13A-6-67 : (a) A person commits the crime of sexual abuse in the second degree if: ...
(2) He, being 19 years old or older, subjects another person to sexual contact who is less than 16 years old, but more than 12 years old.
13A-6-62 (a) A person commits the crime of rape in the second degree if: ...
(1) Being 16 years old or older, he or she engages in sexual intercourse with a member of the opposite sex less than 16 and more than 12 years old; provided, however, the actor is at least two years older than the member of the opposite sex.
13A-6-64 : (a) A person commits the crime of sodomy in the second degree if: ...
(1) He, being 16 years old or older, engages in deviate sexual intercourse with another person less than 16 and more than 12 years old.
You clearly don't understand your situation.
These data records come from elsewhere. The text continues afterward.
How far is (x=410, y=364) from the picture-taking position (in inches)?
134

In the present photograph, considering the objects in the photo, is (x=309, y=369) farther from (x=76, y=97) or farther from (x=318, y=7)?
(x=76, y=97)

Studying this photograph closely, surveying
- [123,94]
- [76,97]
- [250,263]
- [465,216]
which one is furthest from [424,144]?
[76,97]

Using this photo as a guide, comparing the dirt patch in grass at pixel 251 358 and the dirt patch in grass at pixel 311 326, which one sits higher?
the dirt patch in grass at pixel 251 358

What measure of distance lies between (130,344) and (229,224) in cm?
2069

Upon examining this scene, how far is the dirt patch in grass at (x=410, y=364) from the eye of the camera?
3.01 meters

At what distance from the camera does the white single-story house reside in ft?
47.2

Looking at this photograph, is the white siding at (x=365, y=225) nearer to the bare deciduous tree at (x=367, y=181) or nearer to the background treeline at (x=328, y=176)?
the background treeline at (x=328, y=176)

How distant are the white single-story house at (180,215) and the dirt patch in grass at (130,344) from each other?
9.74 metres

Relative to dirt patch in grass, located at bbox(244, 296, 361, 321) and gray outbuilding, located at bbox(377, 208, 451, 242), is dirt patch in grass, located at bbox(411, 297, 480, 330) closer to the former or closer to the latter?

Not only are you not old enough to date him, you're in high school. And he's not. Its two different worlds and when you graduate and move on to college then maybe you'll understand that.
In short, you're too immature for him physically and emotionally. Date someone your own age?
it depends what state you live in, look it up!
I live in jersey and we have a 4 year rule once you turn 16, so if your 16 its okay to date someone whos 20. I know some states have similar laws. I'm in PA now just moved b.c. of college and they have something that's similar but idk how it works.
Its nice that hese being 'good' about everything. Say you did say "f it im not waiting till im 18", and you guys get caught or whatever. It could end up hurting you guys a lot.
Good Luck with everything, i hope it works out.
Think of it this way, if you fell in love with a 12 year old, would you tell your other 16 year old friends?
seems like the age thing is the big hangup. if you have a "romeo and juliet" clause in your jurisdiction usually legally wont have an issue (says something like not statutory if within 4 years from one anotherr).
idk i'd jes think of it this way. if u guys break up. how is he guna explain the jail bait of his past. and if u decide/allowed to date the grandpa in your closet isn guna look so hot.
hold off till college, freedom to date and u'll be on a more equal playing field.
As a twenty-year old female, I beg of you to please let him go and find someone your age. I know you're all naive and eager now, but you don't know how most guys are at this point. For him to NOT act like that would be creepy, but at the same time, I 99.9% guarantee it won't work out ANYWAY.